Die Frankfurter Paulskirche gilt als architektonisches Symbol nicht der ersten demokratischen Versuche auf deutschem Boden, aber doch der bis dahin wichtigsten. Diese Versuche führten zwar nicht direkt zur gewünschten Demokratisierung, dienten mit einer parlamentarischen Arbeit aber doch zur Einübung und Prägung politischer Rede und Gepflogenheiten. Die mit der Märzrevolution 1848 vorübergehend einsetzende Pressefreiheit löste eine mediale Blütezeit politischer Textsorten, und damit letztlich die Politisierung breiter Bevölkerungsschichten aus.

Die Paulskirche gilt als Beginn der ständigen Institutionalisierung politischer Öffentlichkeit, in deren Folge sich nicht nur die Parteien konstituierten, sondern auch deren Ideologien und damit auch deren gruppengebundene Ideologiewortschätze. Zur „Sprache der Parteilichkeit“ (Holly 1991) gehören die heute noch in der Diskussion stehenden Ideologeme sozial, national, liberal, freiheitlich, Volk.
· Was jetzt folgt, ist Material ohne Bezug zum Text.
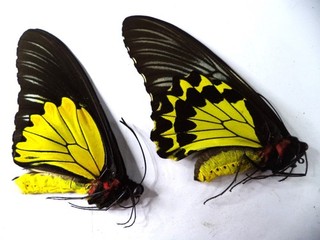 UNMOUNTED BUTTERFLIES/ORNITHOPTERA T CUNEIFERA PAENINSULAE PAIR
In den Kanon der parlamentarisch-demokratischen Diskurspraxis flossen aber auch jene Schreibweisen der politischen Intoleranz, der Menschenverachtung und nicht zuletzt des Antisemitismus ein, die spätestens seit 1871 von den Völkischen wie später von den Nationalsozialisten radikalisiert wurden.
Ziel dieser Tagung ist es, die dunklen und die hellen Traditionen der Paulskirche herauszuarbeiten, das heißt die Schreibweisen, die in ihrem Parlament konditioniert um dann Vorbild gebend für das demokratische wie für das völkische Denken zu werden, als Matrix der gegenwärtigen Debatten zu diskutieren. Innerhalb der Selbstfindung der sich gegenüber anderen europäischen Staaten ausprägenden deutschen Gesellschaft spielte die semantische Konkurrenz um Begriffe wie ‚Volk‘, ‚Nation‘ und ‚deutsch‘ eine bedeutende und noch wenig untersuchte Rolle. Dasselbe gilt für die parteiübergreifenden Inklusions- und Exklusionspraktiken von „Germanophilie“ und des Antisemitismus bzw. Fremdenfeindlichkeit. Deutschland und Europa im Jahr 2018 zeigen, dass solche Fragen nicht national begrenzt zu lösen sind, sondern geradezu nach europäischen oder globalen Antworten verlangen. Alle anvisierten Panels zu „Sprechweisen der Politik seit der Paulskirche“, „Demokratisierungsdiskurse und ihre völkischen Gegendiskurse seit der Paulskirche“, „völkische und demokratische Politisierung und ihre Öffentlichkeit(en)“, „Semiotisierungen des Politischen in Architektur und Denkmal am Beispiel der Paulskirche“ sind darauf ausgerichtet, im europäischen Vergleich betrachtet zu werden.

Programm

Vorläufiges Programm 24./25.Oktober 2019

24. Oktober 2019 (SH 5.101, Seminarhaus, Norbert-Wollheim-Platz 1, 60323 Frankfurt am Main)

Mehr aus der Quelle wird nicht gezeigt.